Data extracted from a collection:
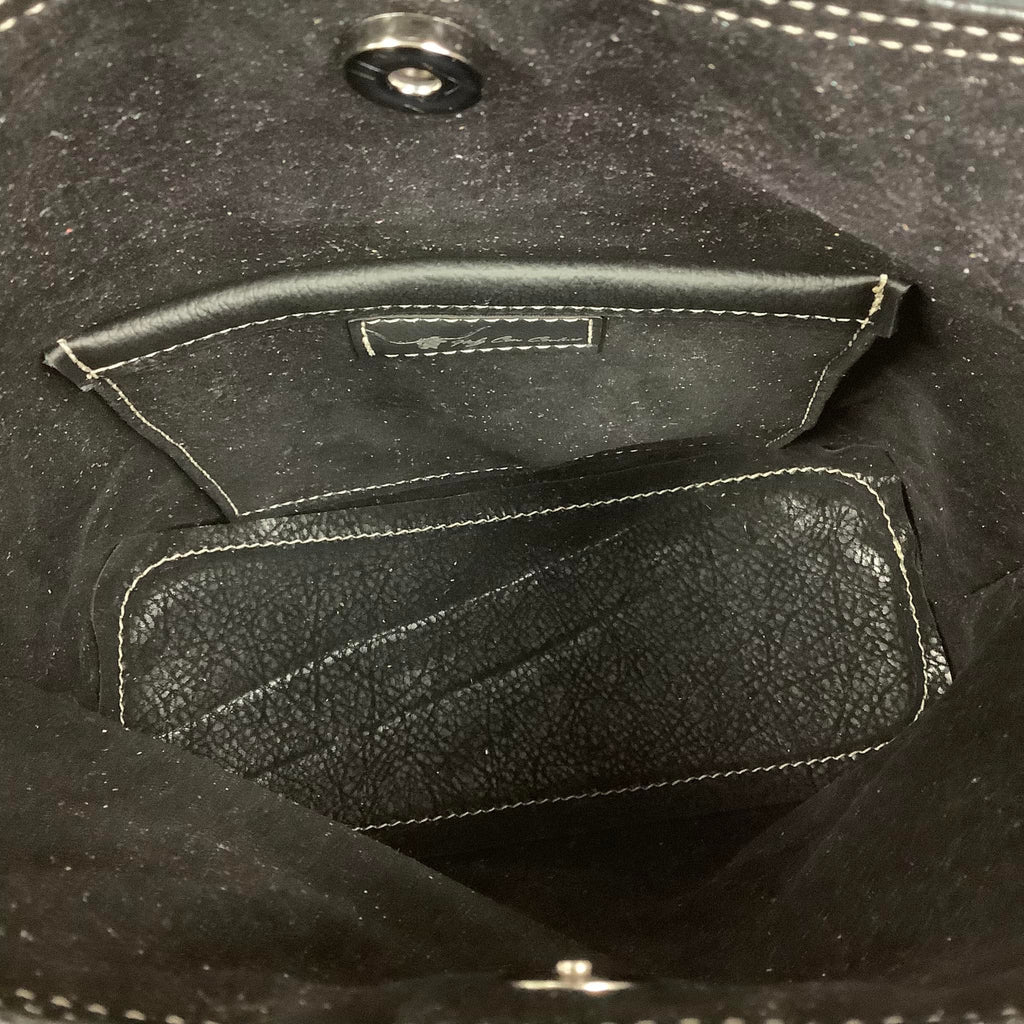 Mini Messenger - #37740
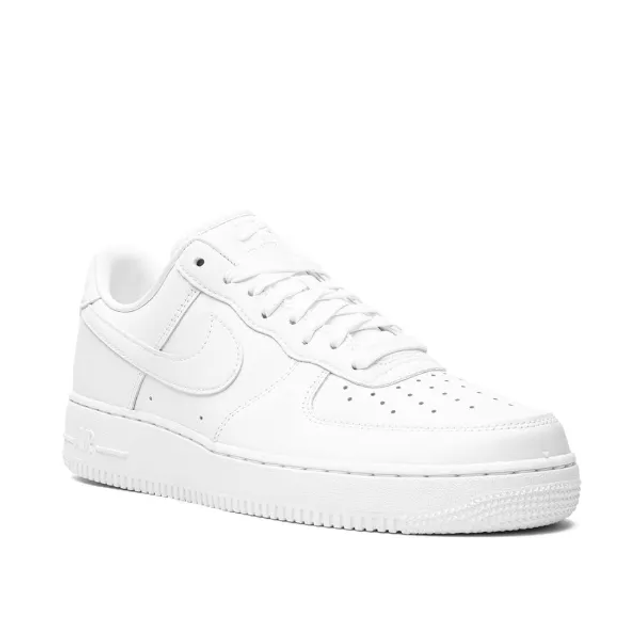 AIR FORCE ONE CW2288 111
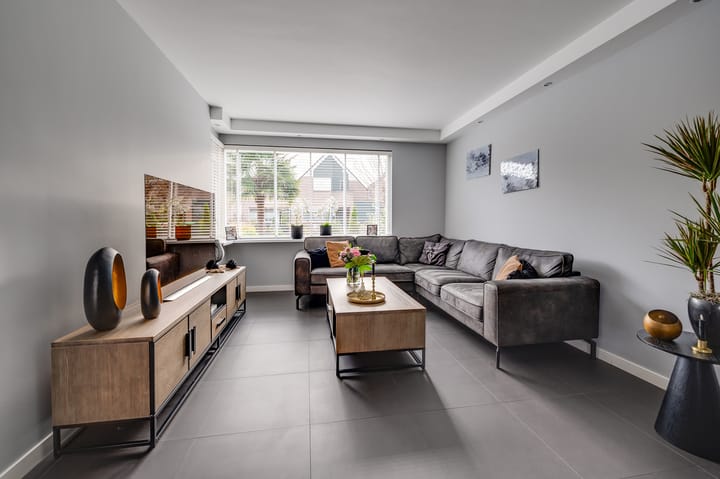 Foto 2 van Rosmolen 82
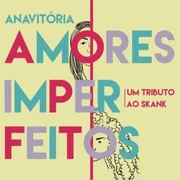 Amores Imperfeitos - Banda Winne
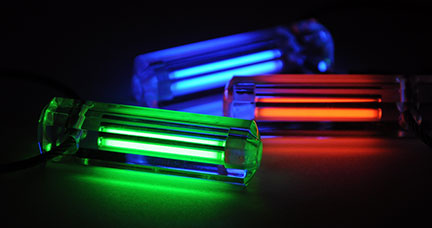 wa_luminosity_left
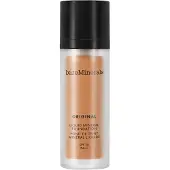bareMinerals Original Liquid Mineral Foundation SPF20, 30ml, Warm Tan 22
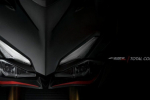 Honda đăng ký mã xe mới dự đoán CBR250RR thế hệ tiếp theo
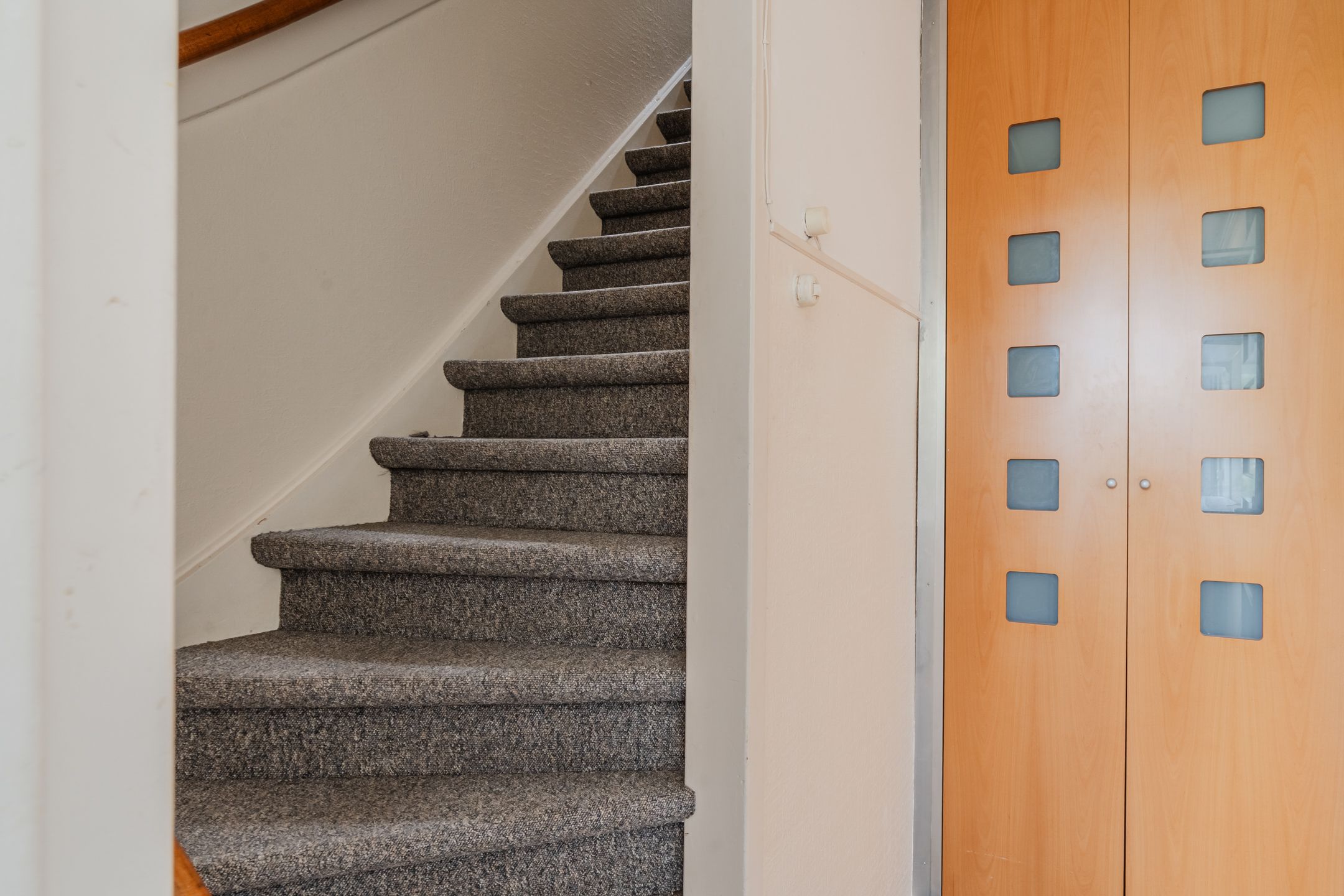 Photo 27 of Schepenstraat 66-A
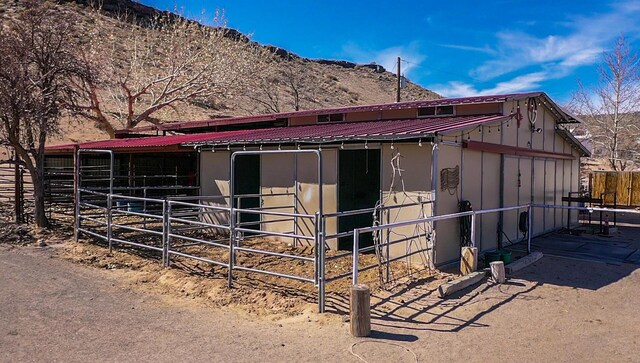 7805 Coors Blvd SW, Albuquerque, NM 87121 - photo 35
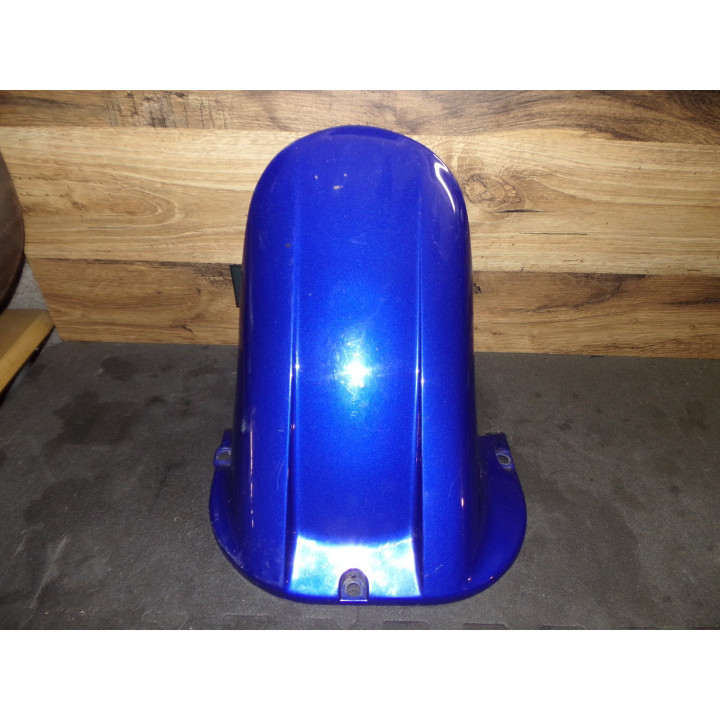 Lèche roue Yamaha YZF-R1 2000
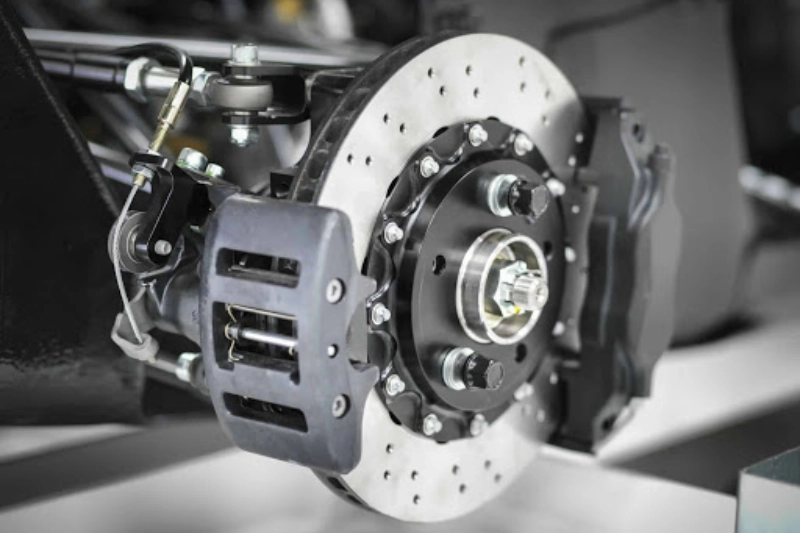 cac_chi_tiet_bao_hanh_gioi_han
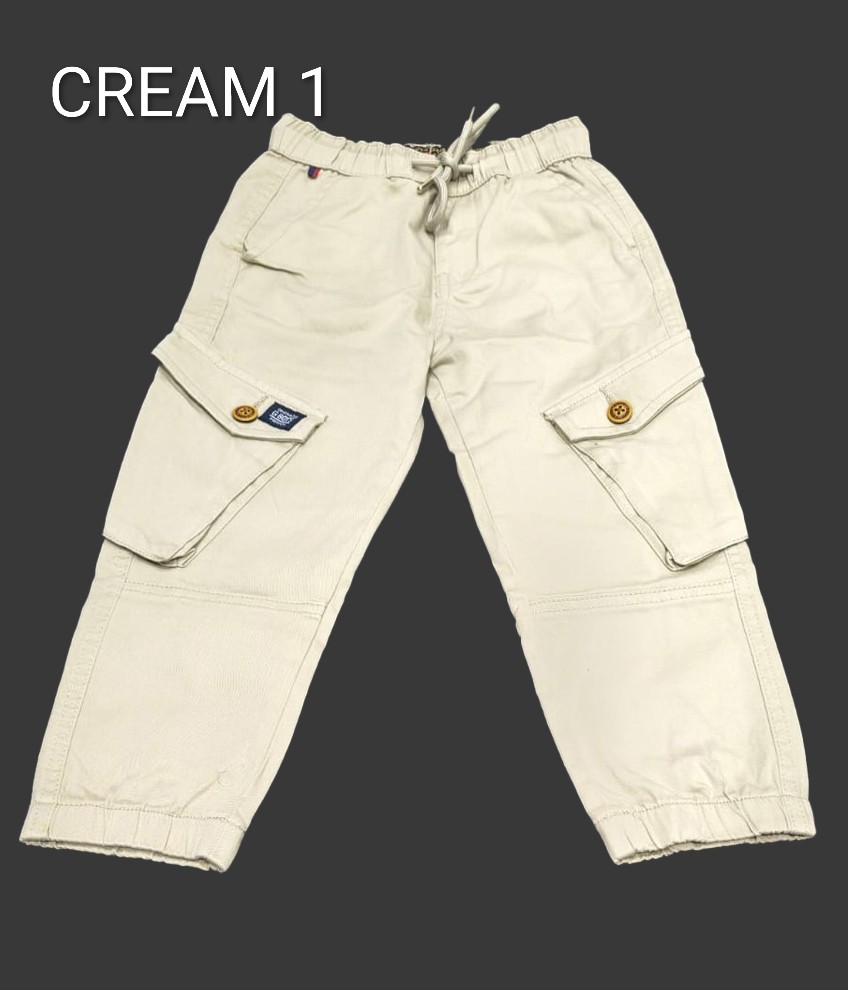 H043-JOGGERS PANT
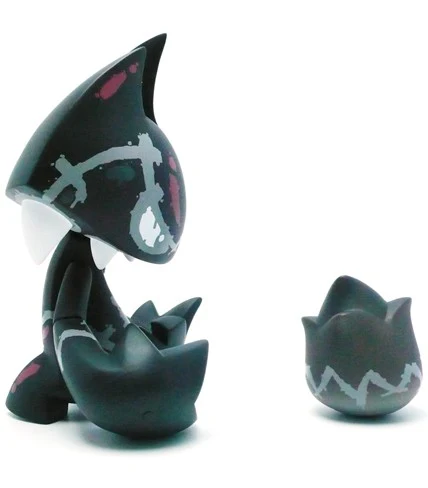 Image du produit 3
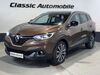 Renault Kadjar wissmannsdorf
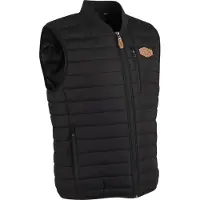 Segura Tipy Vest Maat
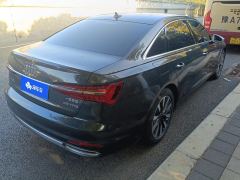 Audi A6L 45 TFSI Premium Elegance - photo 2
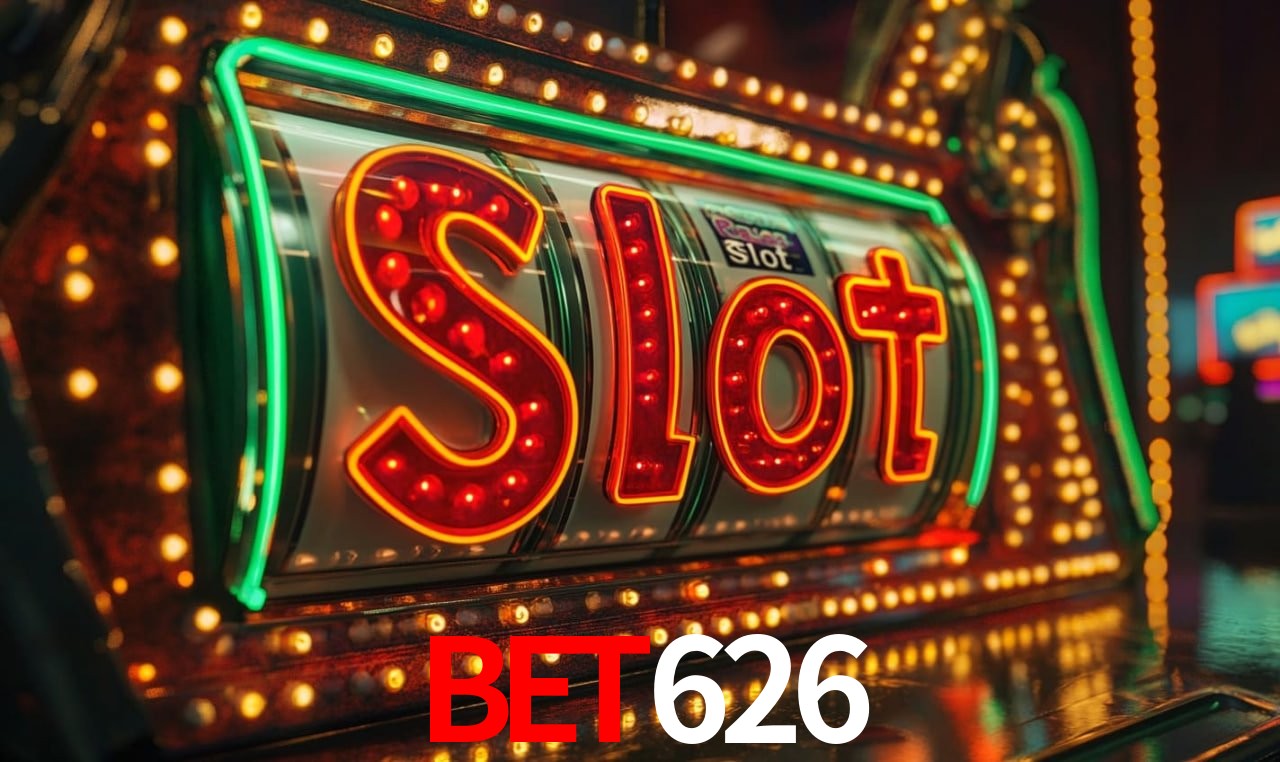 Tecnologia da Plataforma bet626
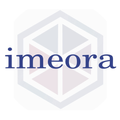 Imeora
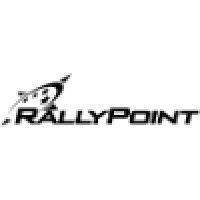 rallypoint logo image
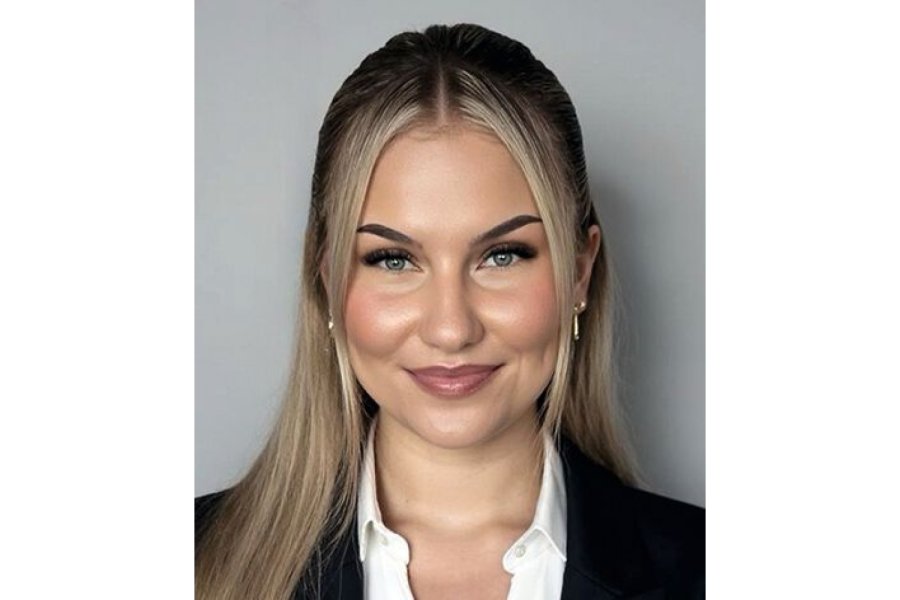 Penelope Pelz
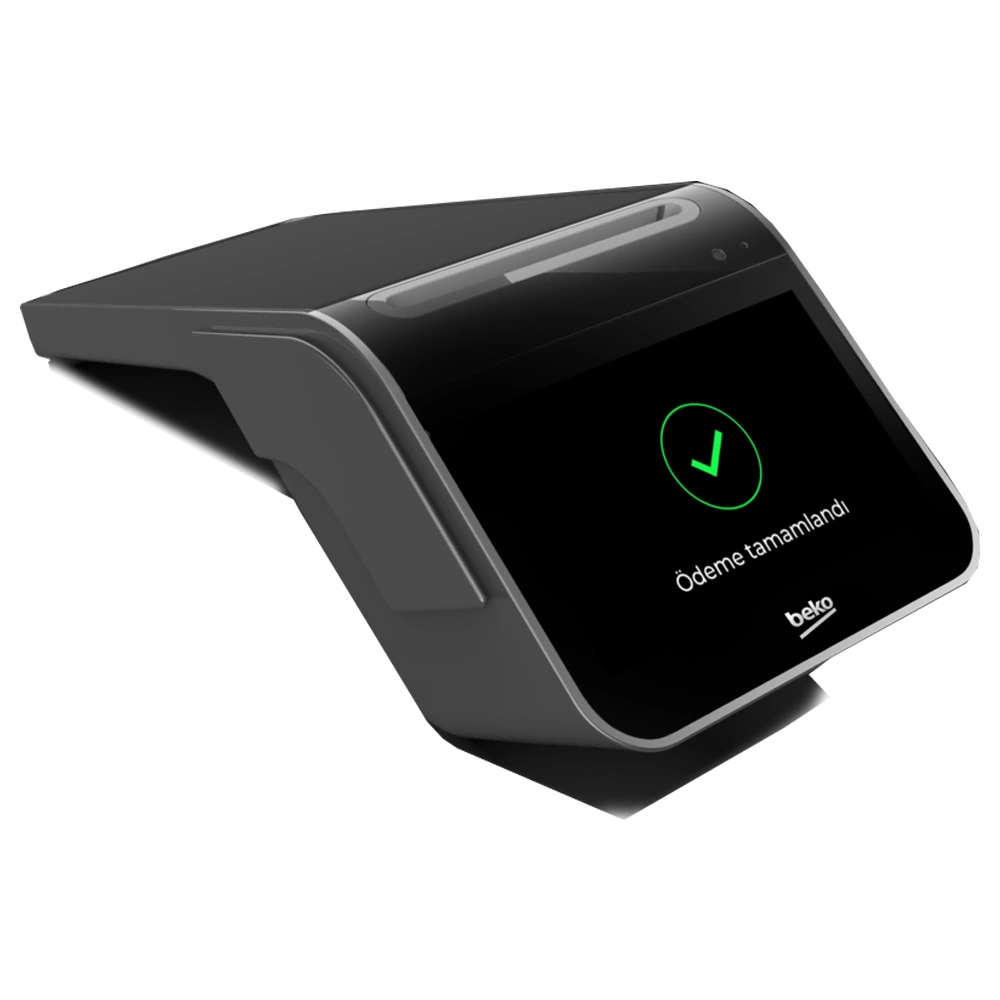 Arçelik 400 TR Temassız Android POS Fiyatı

About this task. The answer consists solely of the lines from the one holding "H043-JOGGERS PANT" through the final line of the records, both ends included, each duplicated exactly. Leave images out.

Finished exercise.
 H043-JOGGERS PANT
 Image du produit 3
 Renault Kadjar wissmannsdorf
 Segura Tipy Vest Maat
 Audi A6L 45 TFSI Premium Elegance - photo 2
 Tecnologia da Plataforma bet626
 Imeora
 rallypoint logo image
 Penelope Pelz
 Arçelik 400 TR Temassız Android POS Fiyatı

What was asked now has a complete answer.